Anies mengatakan, Indonesia bukanlah negara berdasar satu agama, namun Indonesia juga bukan sebuah negara yang alergi agama apalagi anti-agama. Prinsip ketuhanan ini kemudian diwujudkan pula dengan hadirnya rasa kemanusiaan dan hadirnya rasa keadilan bagi seluruh rakyat, tanpa ada yang terpinggirkan, terugikan, apalagi yang tidak dimanusiakan dalam kehidupannya.
Dipenjelasan berikutnya, kata-kata Anies lebih menghujam. Anies membabat klaim Ahok-Djarot dan pendukungnya dengan argumentasi berbasis tafsirnya atas Pancasila. Dia mengambil hati para pendukungnya. Mereka yang hadir di lapangan Balai Kota kian tertawan dengan ucapannya ketika secara eksplisit Anies menyebut pengelolaan teluk dan pengelolaan pulau tidak boleh diletakkan atas dasar kepentingan individu atau kelompok. Seketika riuh tepuk tangan dan teriakan takbir menyentak. Kian jelas, di mana dia 'berdiri'.
Semua itu tak lepas dari perjalanan panjang perebutan tahta menuju kursi pemimpin Ibu Kota. Anies tampaknya melanjutkan posisi diametral dengan kebijakan-kebijakan Ahok-Djarot. Ini yang dimainkan Anies-Sandi sejak kampanye putaran pertama hingga berdampak signifikan terhadap elektoral mereka. Itu saya tuangkan di tulisan sebelumnya, 'Anies-Sandi, Reklamasi dan Bandul yang Berbalik'.

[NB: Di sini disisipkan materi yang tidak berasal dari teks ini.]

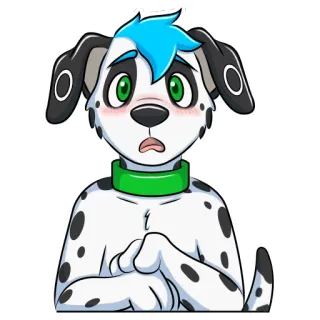 Gaiser Dalmatian telegram stickers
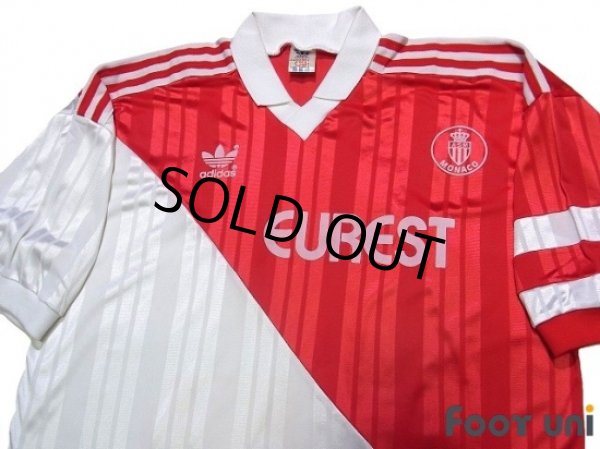 Photo3: AS Monaco 1994-1995 Home Shirt (3)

Pidato ini perlahan mulai diwujudkan di pekan pertama kepemimpinan mereka. Anies-Sandi menyentak dengan menyebut enam proyek era Ahok-Djarot terancam molor. Mereka mengumpulkan seluruh jajaran untuk mengevaluasi dan menemukan jalan keluar.
Di hari berikutnya, keduanya mendatangi kantor Kejaksaan Tinggi DKI. Usai pertemuan, Kepala Kejati DKI Toni Spontana menyebut akan mengawal proyek-proyek tersebut. Pesannya jelas, Anies-Sandi mengirim isyarat adanya ketidakberesan dalam manajemen pengerjaan proyek yang dimulai sejak 2016 itu.
Di hari Jumat (20/10), pemimpin baru Ibu Kota itu kian menusuk. Pemilik lahan di Fatmawati, Jakarta Selatan, akhirnya merelakan lahannya dieksekusi. Tarik ulur antara pemilik lahan dan Pemprov DKI itu yang selama ini menghambat pembangunan MRT, bahkan berujung ke meja peradilan. Anies-Sandi lantas datang, pemilik lahan merelakan.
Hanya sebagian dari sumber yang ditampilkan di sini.